→ Records shown
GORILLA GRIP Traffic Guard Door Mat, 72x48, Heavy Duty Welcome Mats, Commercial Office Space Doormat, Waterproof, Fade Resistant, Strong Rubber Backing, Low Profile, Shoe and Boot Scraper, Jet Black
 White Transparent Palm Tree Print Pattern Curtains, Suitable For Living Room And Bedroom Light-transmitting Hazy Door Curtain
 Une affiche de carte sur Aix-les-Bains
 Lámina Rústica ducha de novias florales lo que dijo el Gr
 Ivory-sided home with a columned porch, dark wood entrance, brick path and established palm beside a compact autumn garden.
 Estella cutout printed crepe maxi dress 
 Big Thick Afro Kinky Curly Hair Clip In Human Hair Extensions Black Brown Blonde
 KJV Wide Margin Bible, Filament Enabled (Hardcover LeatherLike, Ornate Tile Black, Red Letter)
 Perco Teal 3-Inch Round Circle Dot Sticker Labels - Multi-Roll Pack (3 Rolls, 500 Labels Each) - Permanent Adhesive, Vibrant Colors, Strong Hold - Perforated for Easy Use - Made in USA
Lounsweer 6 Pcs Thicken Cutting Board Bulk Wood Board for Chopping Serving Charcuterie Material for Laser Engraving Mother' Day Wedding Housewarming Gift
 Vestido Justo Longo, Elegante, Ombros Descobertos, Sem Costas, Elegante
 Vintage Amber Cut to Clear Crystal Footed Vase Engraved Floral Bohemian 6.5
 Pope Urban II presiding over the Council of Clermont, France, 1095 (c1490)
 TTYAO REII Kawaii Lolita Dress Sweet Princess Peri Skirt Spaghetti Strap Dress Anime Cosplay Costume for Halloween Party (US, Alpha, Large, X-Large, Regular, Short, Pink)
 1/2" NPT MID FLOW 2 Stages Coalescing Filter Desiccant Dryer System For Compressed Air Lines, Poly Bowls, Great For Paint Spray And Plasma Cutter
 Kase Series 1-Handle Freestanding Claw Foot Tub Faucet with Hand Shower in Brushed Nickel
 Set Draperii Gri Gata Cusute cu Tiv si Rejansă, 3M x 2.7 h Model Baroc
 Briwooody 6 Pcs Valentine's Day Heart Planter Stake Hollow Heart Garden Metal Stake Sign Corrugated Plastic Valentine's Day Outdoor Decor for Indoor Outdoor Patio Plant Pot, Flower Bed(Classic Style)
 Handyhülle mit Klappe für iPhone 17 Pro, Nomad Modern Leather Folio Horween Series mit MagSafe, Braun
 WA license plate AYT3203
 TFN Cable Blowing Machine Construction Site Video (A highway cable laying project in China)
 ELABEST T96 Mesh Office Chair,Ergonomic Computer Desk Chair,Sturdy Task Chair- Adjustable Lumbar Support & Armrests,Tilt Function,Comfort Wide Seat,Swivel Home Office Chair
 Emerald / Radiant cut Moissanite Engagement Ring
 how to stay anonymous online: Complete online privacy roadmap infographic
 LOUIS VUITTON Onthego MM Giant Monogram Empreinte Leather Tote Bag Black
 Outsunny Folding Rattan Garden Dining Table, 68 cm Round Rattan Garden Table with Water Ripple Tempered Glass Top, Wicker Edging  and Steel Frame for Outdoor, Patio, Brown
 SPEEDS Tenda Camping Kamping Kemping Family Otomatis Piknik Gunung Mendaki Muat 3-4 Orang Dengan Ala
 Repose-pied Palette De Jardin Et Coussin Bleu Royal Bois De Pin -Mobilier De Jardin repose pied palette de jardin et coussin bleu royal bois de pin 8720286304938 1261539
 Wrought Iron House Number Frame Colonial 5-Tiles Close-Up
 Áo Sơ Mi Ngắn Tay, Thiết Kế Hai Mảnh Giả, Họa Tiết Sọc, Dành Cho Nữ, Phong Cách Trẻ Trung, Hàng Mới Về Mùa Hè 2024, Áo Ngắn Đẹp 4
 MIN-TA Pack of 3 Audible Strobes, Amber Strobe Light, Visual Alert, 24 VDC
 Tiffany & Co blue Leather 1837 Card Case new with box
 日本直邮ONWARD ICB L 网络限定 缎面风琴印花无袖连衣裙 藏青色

→ What you are asked to do
Only lines with the word "Round" are wanted, so copy each one from the records.

→ Your solution
 Perco Teal 3-Inch Round Circle Dot Sticker Labels - Multi-Roll Pack (3 Rolls, 500 Labels Each) - Permanent Adhesive, Vibrant Colors, Strong Hold - Perforated for Easy Use - Made in USA
 Outsunny Folding Rattan Garden Dining Table, 68 cm Round Rattan Garden Table with Water Ripple Tempered Glass Top, Wicker Edging  and Steel Frame for Outdoor, Patio, Brown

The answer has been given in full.